Bonniers Konsthall

Body Talk

04 Dec 2013 - 05 Jan 2014

An Kaler
On Orientations l Untimely Encounters
Photo: Eva Würdinger
BODY TALK
4 December 2013 - 5 January 2014

Video installation by American artist Sharon Lockhart. Performances by Israeli company Noa Eshkol Chamber Dance Group and Austrian choreographer An Kaler.

Sharon Lockhart, Noa Eshkol and An Kaler share an interest in the particularities of the human body. If there is one common denominator that should be pointed out, it would be their shared sensitivity for how a single body relates to space and given situations. The body is never addressed as something idealised as essential, but rather something that is situated and specific. From that insight the three artists develop their own individual and strong voice within visual art and dance under the title Body Talk.

Sharon Lockhart Four Exercises in Eshkol-Wachman Movement Notation

In Four Exercises in Eshkol-Wachman Movement Notation we meet an mature dancer who moves to the simple and rhythmic sound of a metronome. The dancer moves, controlled and focused, against a backdrop of grey cubes. On the same kind of cubes in the exhibition room are some colorful and expressive textile carpets.

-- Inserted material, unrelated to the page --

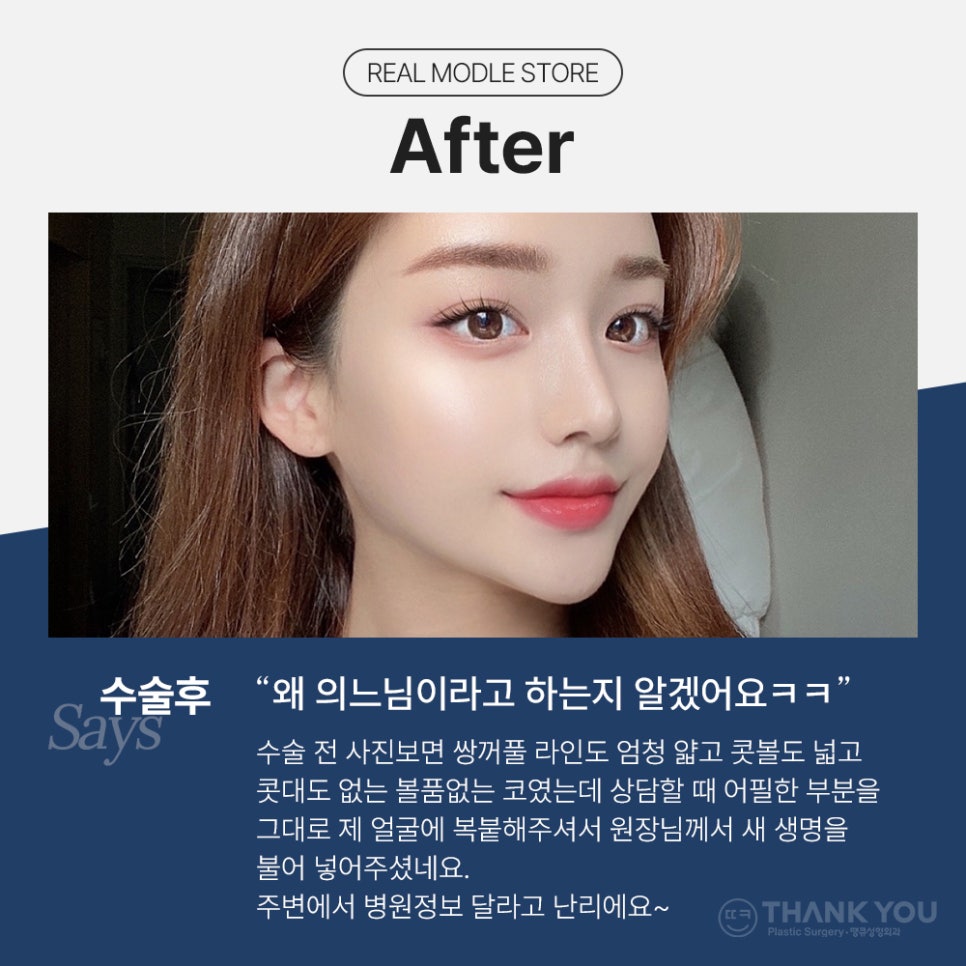 눈코성형 같이 하고싶다면? (자연유착 윗트임+콧불축소) 관련 이미지 10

In 2008, during a research visit to Israel, Sharon Lockhart (b.1964) discovered the remarkable work of Israeli dance composer and textile artist Noa Eshkol (1924–2007). While Eshkol could have chosen a life in New York, where art and dance flourished in the experimental and dynamic 1960s and 70s, she instead remained relatively secluded with a close group of individuals, creating dance compositions and textile art and ultimately developing a dance notation system with architect and collaborator Avraham Wachman. Lockhart’s research led her to a number of dancers from Eshkol’s group who continue her training at the composer’s home and studio outside Tel Aviv. It was there that Lockhart also unearthed a large number of Eshkol’s textile works, or “wall carpets.” Over the course of the following two years, Lockhart created a suite of work based on the story of Noa Eshkol, including serial photographs showing models Eshkol created to describe the Eshkol Wachmann movement notation system and a film installation with four of Eshkol’s dance compositions performed by Ruti Sela. Lockhart’s photographs and single-channel installation are accompanied here by a selection of Eshkol’s wall carpets in a site-specific architectural intervention designed by her collaborators Escher GuneWardena. Sharon Lockhart’s participation in Body Talk is a prelude to a large-scale solo exhibi¬tion of her work, which will open at Bonniers Konsthall in April 2014.